Model File Format

Litsea models are stored as simple plain-text files.

Format Specification

<feature_name>\t<weight>
<feature_name>\t<weight>
...
<bias>

Each line (except the last) contains a feature name and its weight, separated by a tab character
Zero-weight features are omitted to keep the file compact
The last line contains the bias term as a single number

BC1:IK	0.3456
BC2:KI	-0.1234
UW4:は	0.5678
UC4:I	0.2345
...
-0.0891

When loading a model, the bias is reconstructed using:

bias_bucket_weight = -bias_value * 2 - sum(all_feature_weights)

During prediction:

bias = -sum(all_model_weights) / 2.0
score = bias + sum(model[feature] for feature in input_attributes)
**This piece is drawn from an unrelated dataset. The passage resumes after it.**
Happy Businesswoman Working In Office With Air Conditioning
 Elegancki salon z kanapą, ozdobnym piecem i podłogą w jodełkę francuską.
Model files are very compact:

Model	Size	Features
japanese.model	~2.9 KB	Wikipedia-trained
korean.model	~1.8 KB	Wikipedia-trained
chinese.model	~1.3 KB	Wikipedia-trained
RWCP.model	~22 KB	Original TinySegmenter
JEITA_Genpaku_ChaSen_IPAdic.model	~17 KB	JEITA corpus

The compact size is a key advantage of Litsea – models can be embedded directly in applications or served over HTTP with minimal overhead.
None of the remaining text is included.